## PROMPT
Please retype the entries below exactly, only from their first line through the line containing "Boucles d'oreilles Cigale", leaving every picture out.

## Brief descriptive captions

----------------

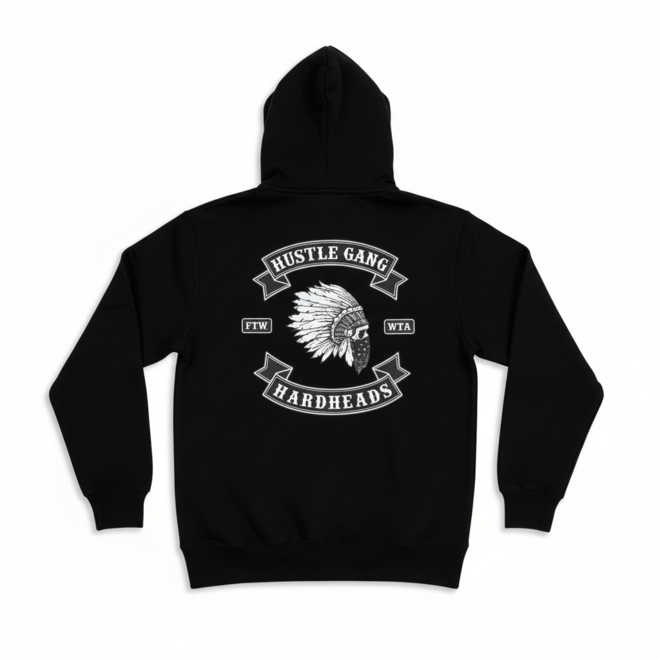 HARDHEADS ZIP HOODY BLACK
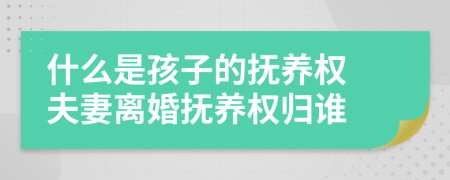什么是孩子的撫養(yǎng)權(quán) 夫妻離婚撫養(yǎng)權(quán)歸誰(shuí)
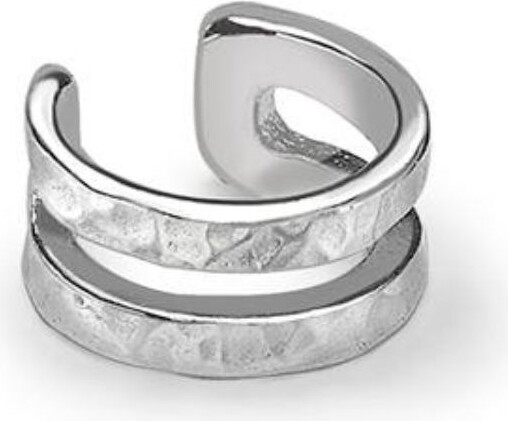 Dower & Hall Double Bar Nomad Ear Cuff In Sterling Silver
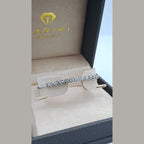 Bracelet Jonc Fin Or Blanc - Rangée de Pierres Serties – or 18 carats | Tariki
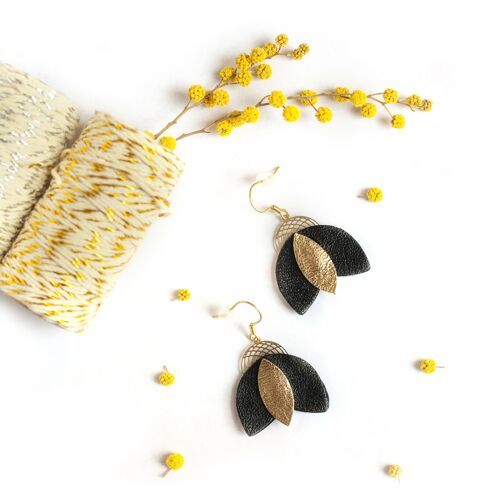 Boucles d'oreilles Cigale - cuir doré et noir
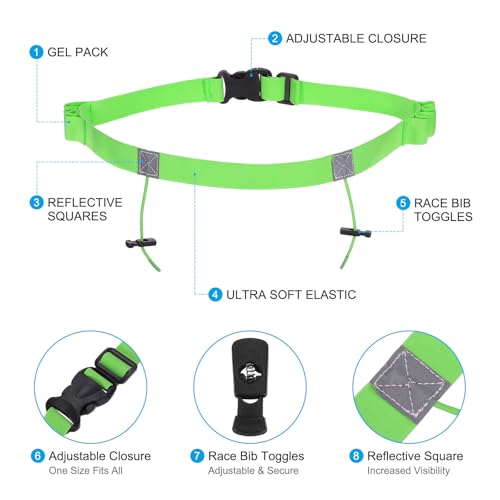 PATIKIL Elastic Triathlon Running Belt, 2 Pack Adjustable Race Number Belt Race Belt Bib Holder with 6 Energy Gel Loops for Marathons Racing Cycling, Green - color: Green
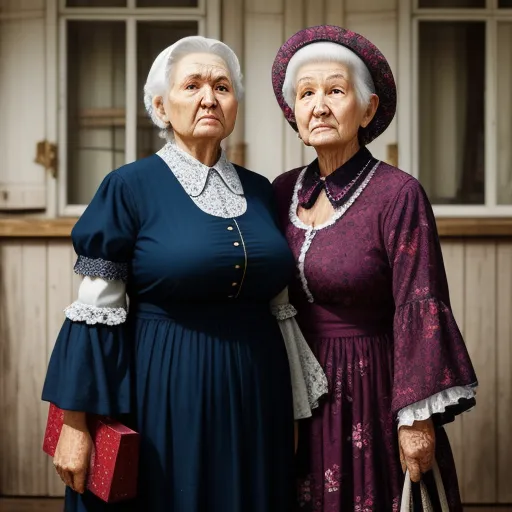 two older women standing next to each other in a kitchen with a wooden table and cabinets behind them,, by Julie Blackmon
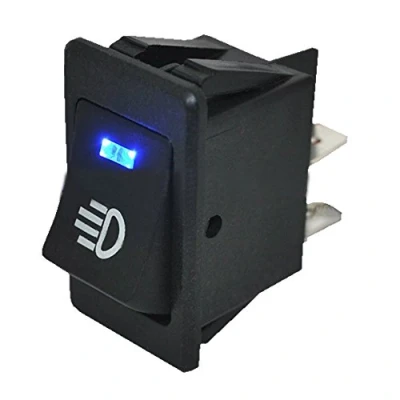 Abbildung von Mintice™ KFZ Auto Kippschalter Druckschalter Wippschalter Schalter 12V Blau LED Licht Nebelschalter 4 polig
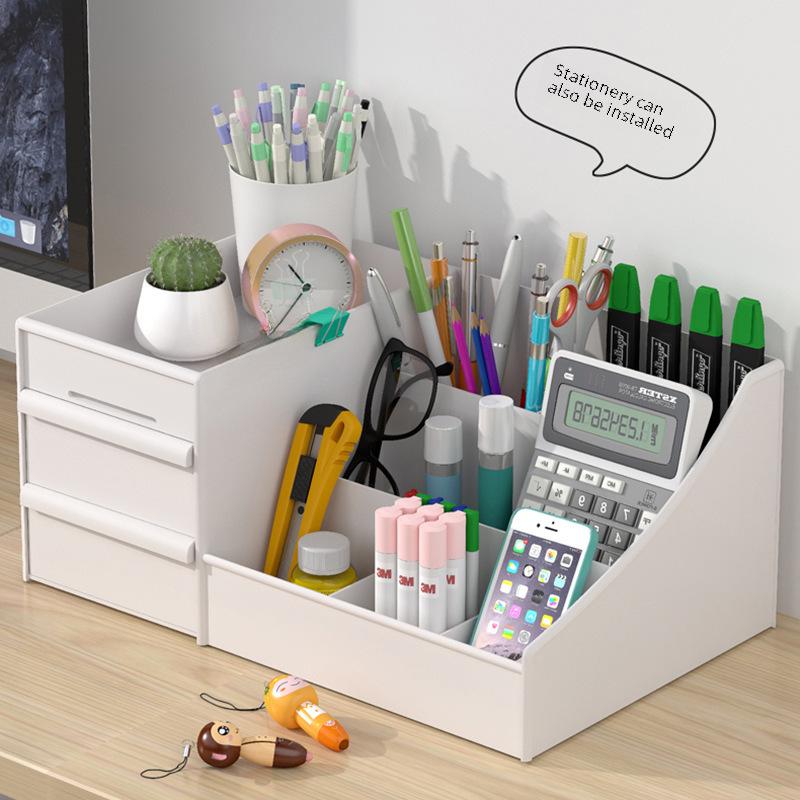 Student Makeup and Skincare Organizer: Drawer-Type Dormitory Plastic Storage Box for Cosmetics and Desktop.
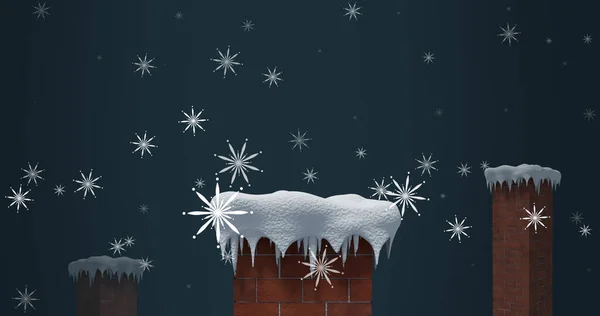 Bild Von Schnee Der Weihnachten Über Schornsteine Fällt Weihnachten Winter — Stockfoto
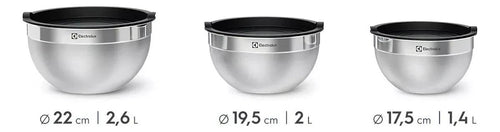 Imagem 4 de 5 de Conjunto Bowls Tigelas Inox Com Tampa Plástica - Electrolux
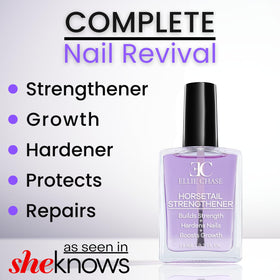 Ellie Chase brush applying clear coat for stronger nails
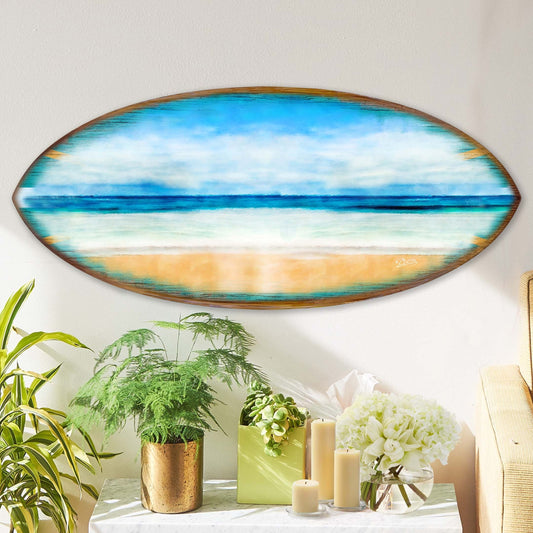 Ocean View Surfboard Wood Wall Art - Coastal Decor
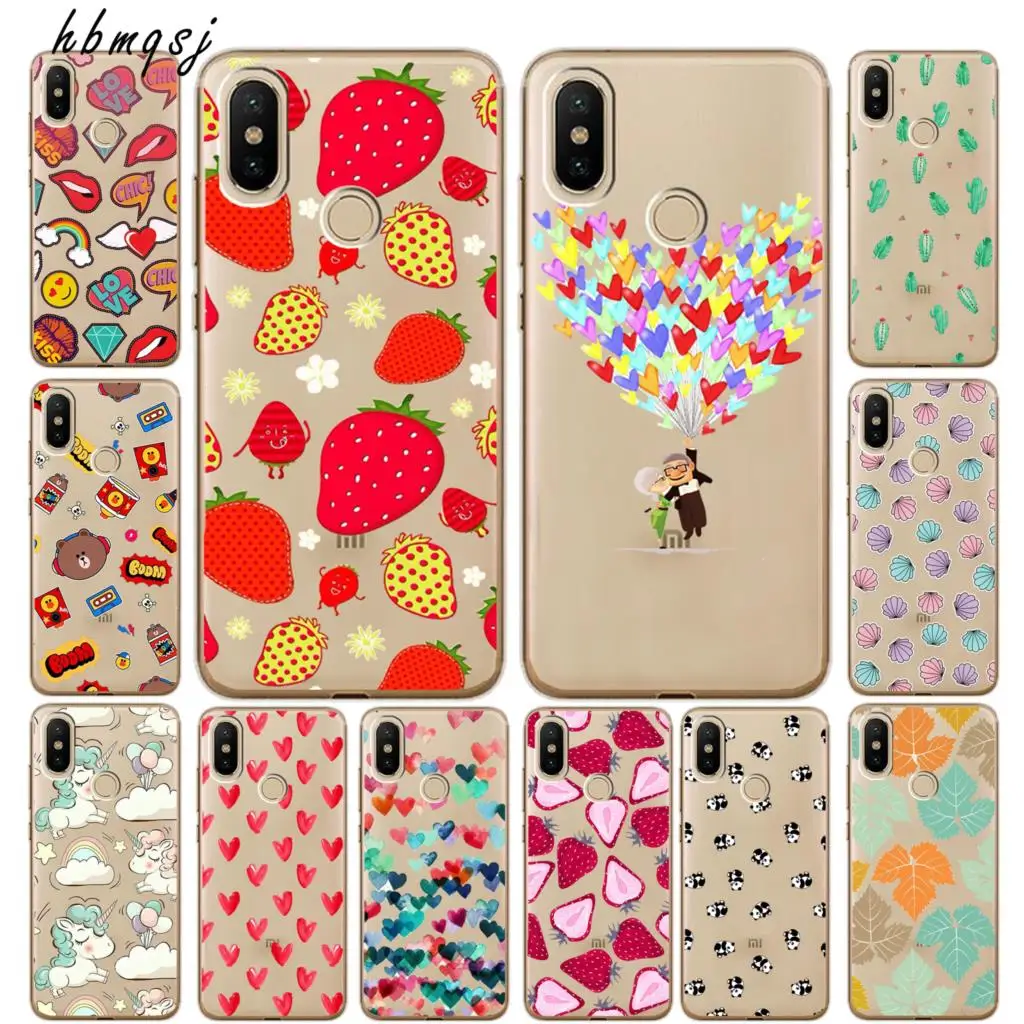 Silicone for xiaomi mi a2 lite redmi 6 pro case 5.84 inch love flowers feathers christmas lights phone back cover |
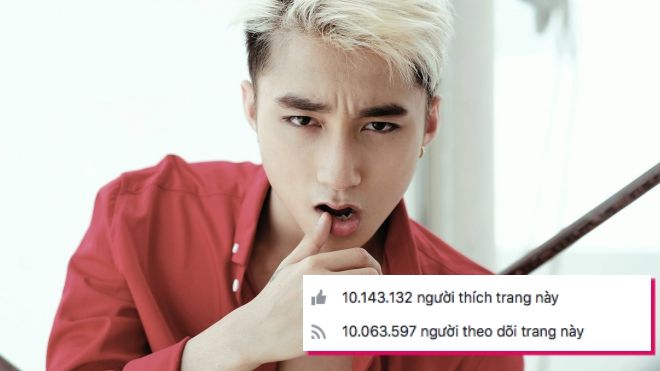 Sơn Tùng M-TP hạnh phúc, ‘thả tim’ khoe fanpage cán mốc 10 triệu người theo dõi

----------------

## RESPONSE TO THE TASK
 HARDHEADS ZIP HOODY BLACK
什么是孩子的撫養(yǎng)權(quán) 夫妻離婚撫養(yǎng)權(quán)歸誰(shuí)
 Dower & Hall Double Bar Nomad Ear Cuff In Sterling Silver
 Bracelet Jonc Fin Or Blanc - Rangée de Pierres Serties – or 18 carats | Tariki
 Boucles d'oreilles Cigale - cuir doré et noir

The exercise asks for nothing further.